▶ **INSTRUCTIONS FOR THE TASK**: Using the data below, output a verbatim copy of the lines between the one holding "Antique Hand-Cut Crystal" and the one holding "Markets and international banking", inclusive, without any pictures.

▶ **EXTRACTED RECORDS**:
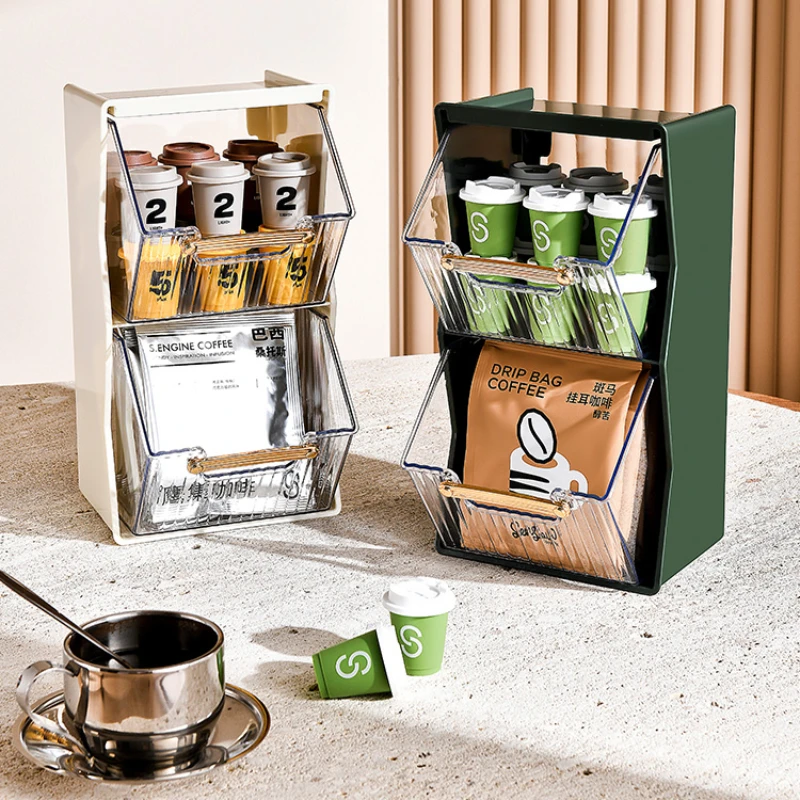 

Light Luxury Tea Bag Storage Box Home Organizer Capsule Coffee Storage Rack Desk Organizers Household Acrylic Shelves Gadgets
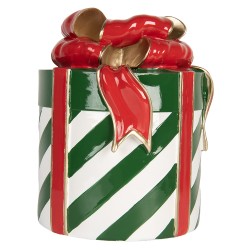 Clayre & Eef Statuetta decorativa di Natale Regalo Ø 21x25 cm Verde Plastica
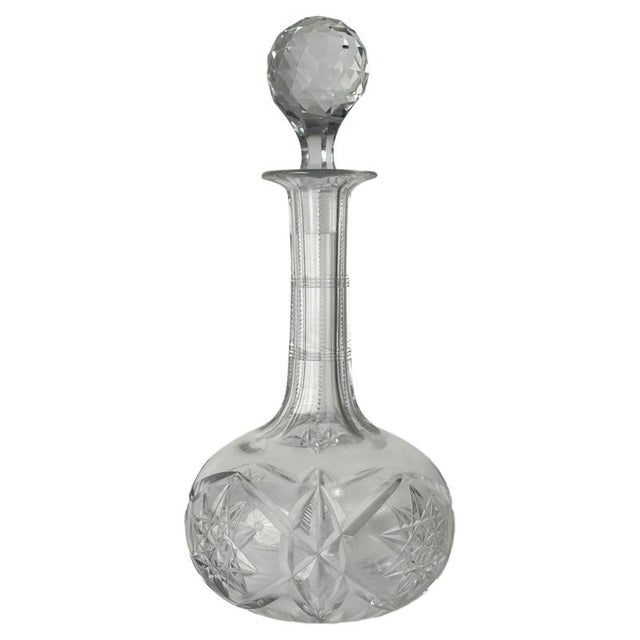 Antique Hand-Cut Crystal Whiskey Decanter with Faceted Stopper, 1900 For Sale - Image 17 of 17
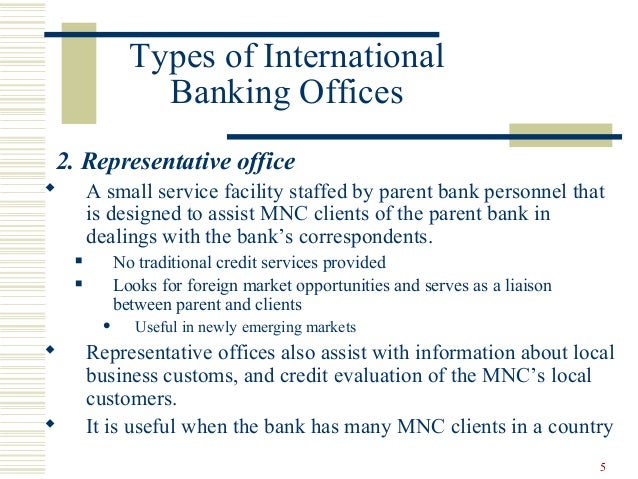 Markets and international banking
* * *
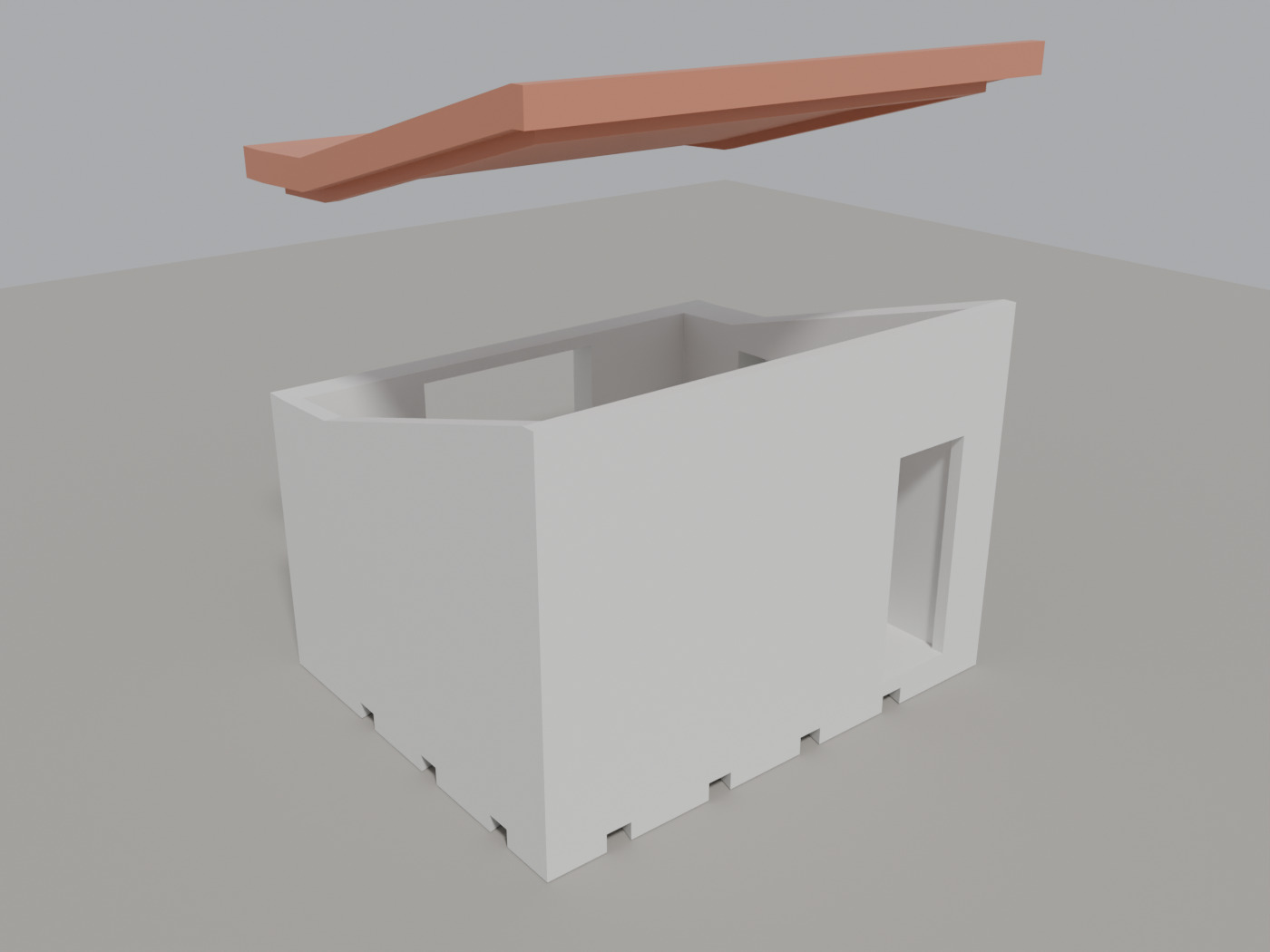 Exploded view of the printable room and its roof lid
==
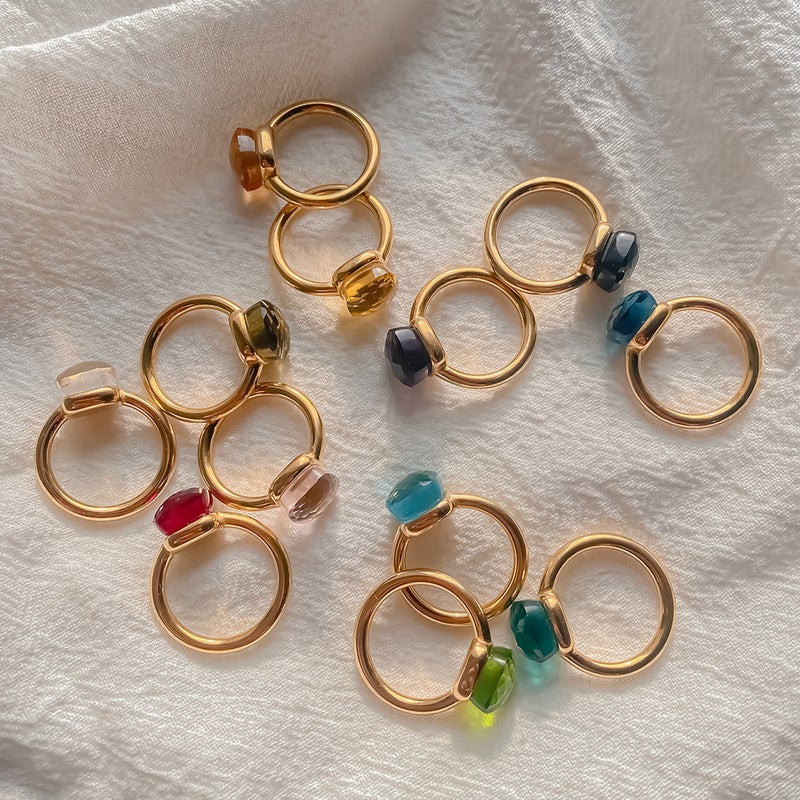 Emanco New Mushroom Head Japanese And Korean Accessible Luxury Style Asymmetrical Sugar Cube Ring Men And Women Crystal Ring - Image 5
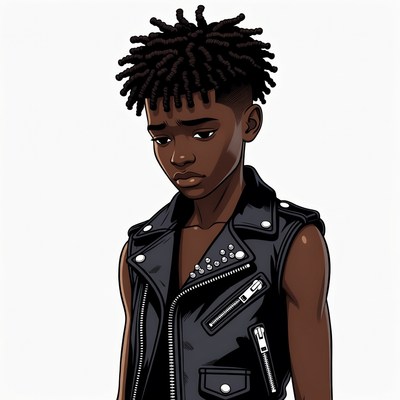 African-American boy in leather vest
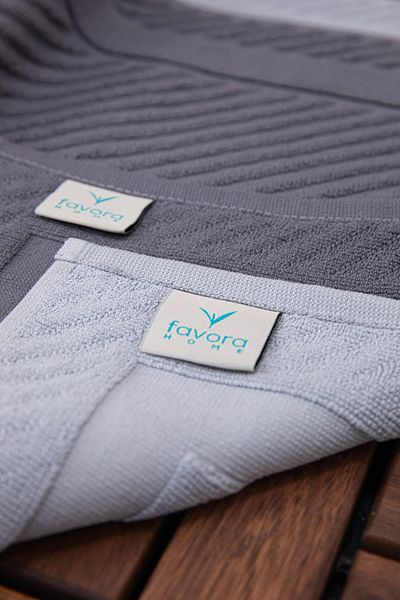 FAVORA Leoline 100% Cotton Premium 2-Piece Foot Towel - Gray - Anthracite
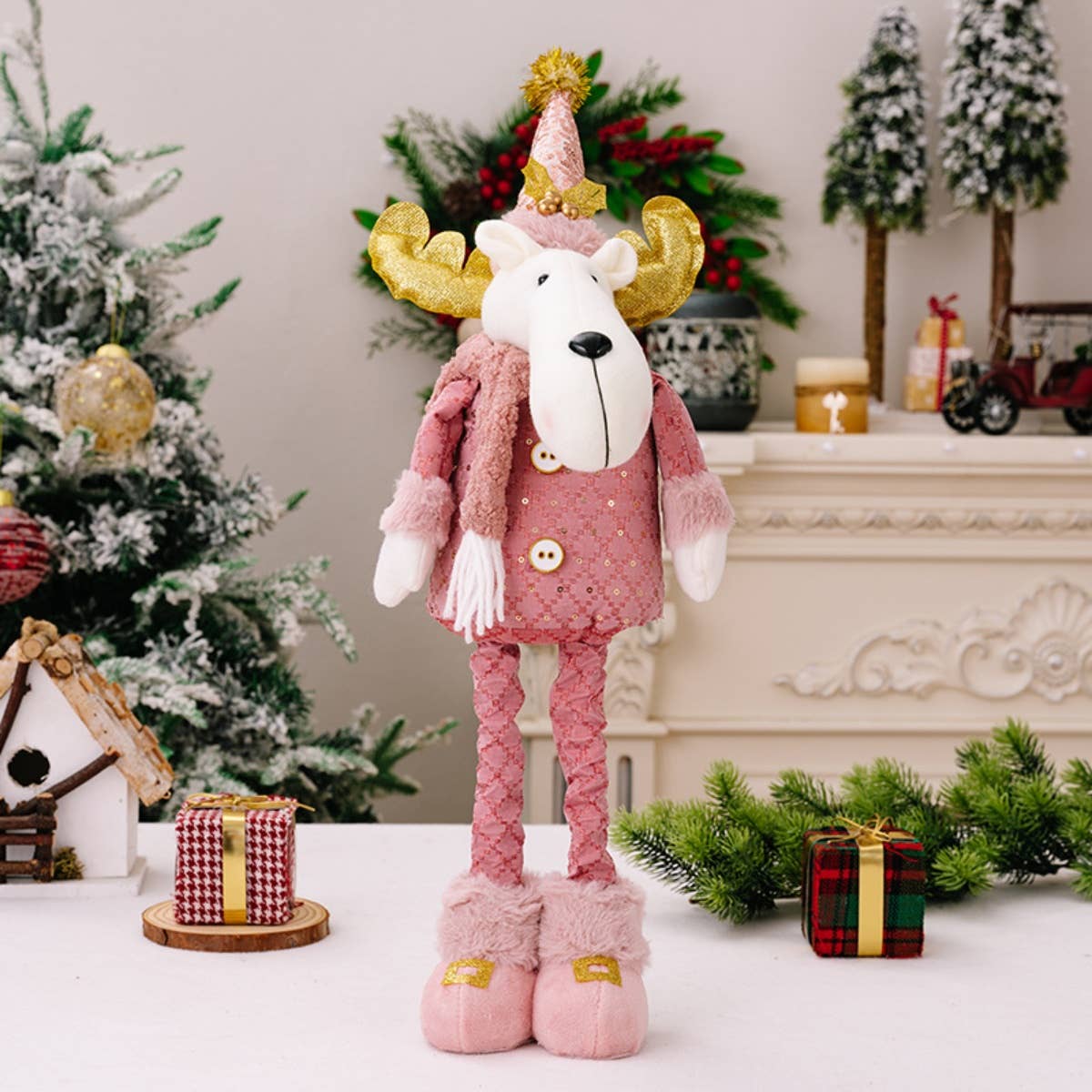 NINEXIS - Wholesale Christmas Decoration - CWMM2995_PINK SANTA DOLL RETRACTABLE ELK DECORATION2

▶ **YOUR SOLUTION**:
 Antique Hand-Cut Crystal Whiskey Decanter with Faceted Stopper, 1900 For Sale - Image 17 of 17
 Markets and international banking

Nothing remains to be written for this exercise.